Glossary
What is a jitter buffer?
A jitter buffer is a small memory buffer that holds incoming VoIP audio packets for a few milliseconds before playing them, so that packets arriving at uneven intervals can be reassembled and played back at a smooth, even pace. It is the mechanism that hides network jitter — the variation in packet arrival time — from your ears.
Without it, the natural unevenness of internet delivery would turn into choppy, stuttering audio. The jitter buffer trades a tiny amount of delay for a steady playback stream.
What problem it solves
Voice is sent as a stream of small packets over RTP, one every ~20 ms. The network is supposed to deliver them at that steady rate, but in practice they arrive unevenly — some early, some late, some out of order. That variation is jitter.

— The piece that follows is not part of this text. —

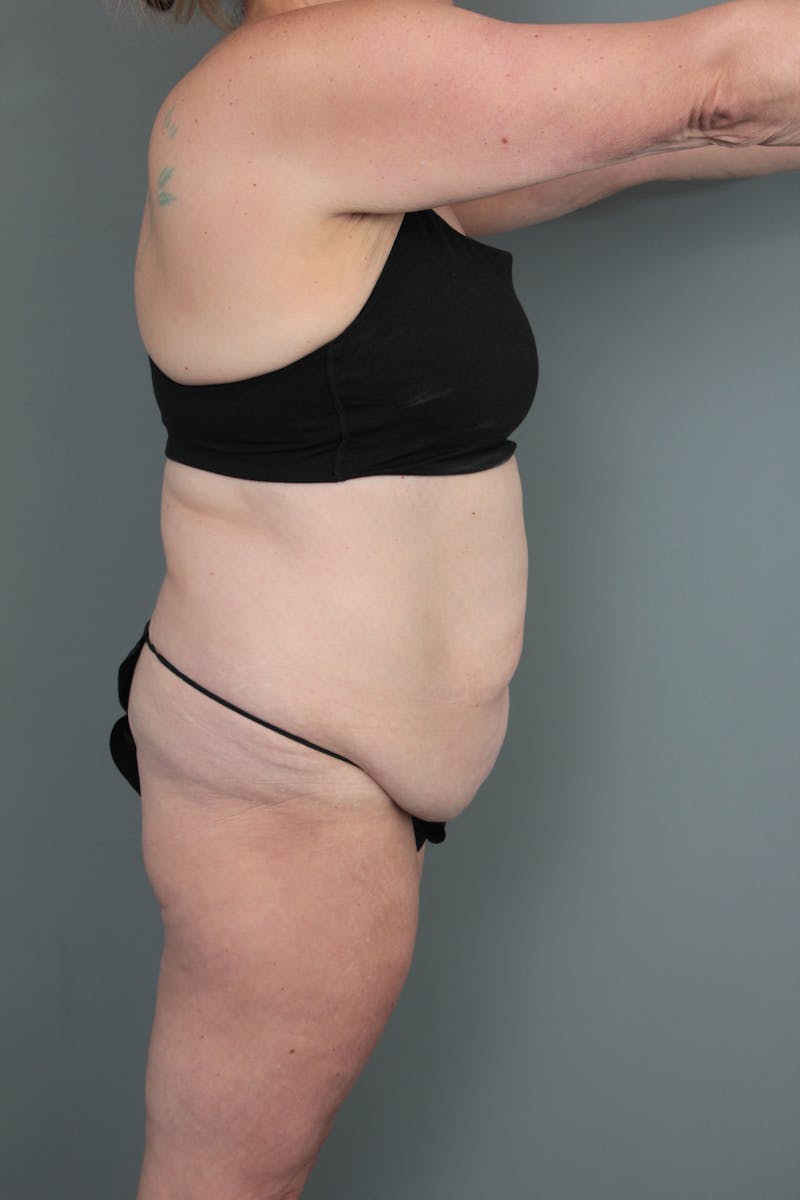 Tummy Tuck Before & After Gallery - Patient 634235 - Image 5 - Scott Chapin, MD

Audio playback, however, must be perfectly steady: one packet every 20 ms, in order. The jitter buffer bridges the gap. It collects arriving packets, reorders them, and releases them to the decoder on a fixed clock — absorbing the network’s unevenness.
How a jitter buffer works
- Incoming packets land in the buffer instead of playing immediately.
- The buffer holds them briefly (the buffer depth, e.g. 30–80 ms) and reorders any that arrived out of sequence.
- It releases packets to the audio decoder at a steady interval.
- Packets that arrive too late — after their playback slot has passed — are discarded, which registers as packet loss at the codec.
Static buffers use a fixed depth. Adaptive jitter buffers (the modern default) measure live jitter and resize continuously — growing during congestion to protect audio, shrinking when the network is clean to minimize delay.
The latency trade-off
A jitter buffer cannot be free: every millisecond it holds packets adds to one-way latency. Too small, and high-jitter packets arrive too late and get dropped (choppy audio). Too large, and the added delay makes conversation feel laggy and causes people to talk over each other. The adaptive approach exists precisely to walk this line automatically — only as deep as the current network demands.
Common questions
What is the difference between jitter and a jitter buffer?
Jitter is the problem — the variation in how evenly voice packets arrive over the network. A jitter buffer is the fix — a short buffer that holds and reorders packets so they play back at a steady pace despite that variation. You measure jitter in milliseconds; a healthy VoIP call typically keeps it under ~30 ms, which the buffer absorbs invisibly.
Does a jitter buffer cause delay?
Yes, a small amount — that is the trade-off. The buffer must hold packets briefly to smooth them, adding that hold time to one-way latency. A few tens of milliseconds is imperceptible; the goal is the smallest depth that still prevents choppiness, which is why adaptive buffers resize to current conditions rather than using a fixed large value.
What is an adaptive jitter buffer?
An adaptive jitter buffer measures network jitter in real time and changes its depth on the fly — deepening when packet arrival gets erratic (protecting audio at the cost of slight delay) and shrinking when the network is stable (minimizing delay). Almost all modern VoIP endpoints use adaptive buffers; static fixed-depth buffers are largely legacy.
Can a jitter buffer fix bad audio?
Only the jitter component. It smooths uneven arrival, but it cannot recover packets that are truly lost, nor undo high latency or low bandwidth. If audio is still choppy with a working buffer, the cause is usually real packet loss or congestion — fixed with QoS and a stable connection, not a bigger buffer.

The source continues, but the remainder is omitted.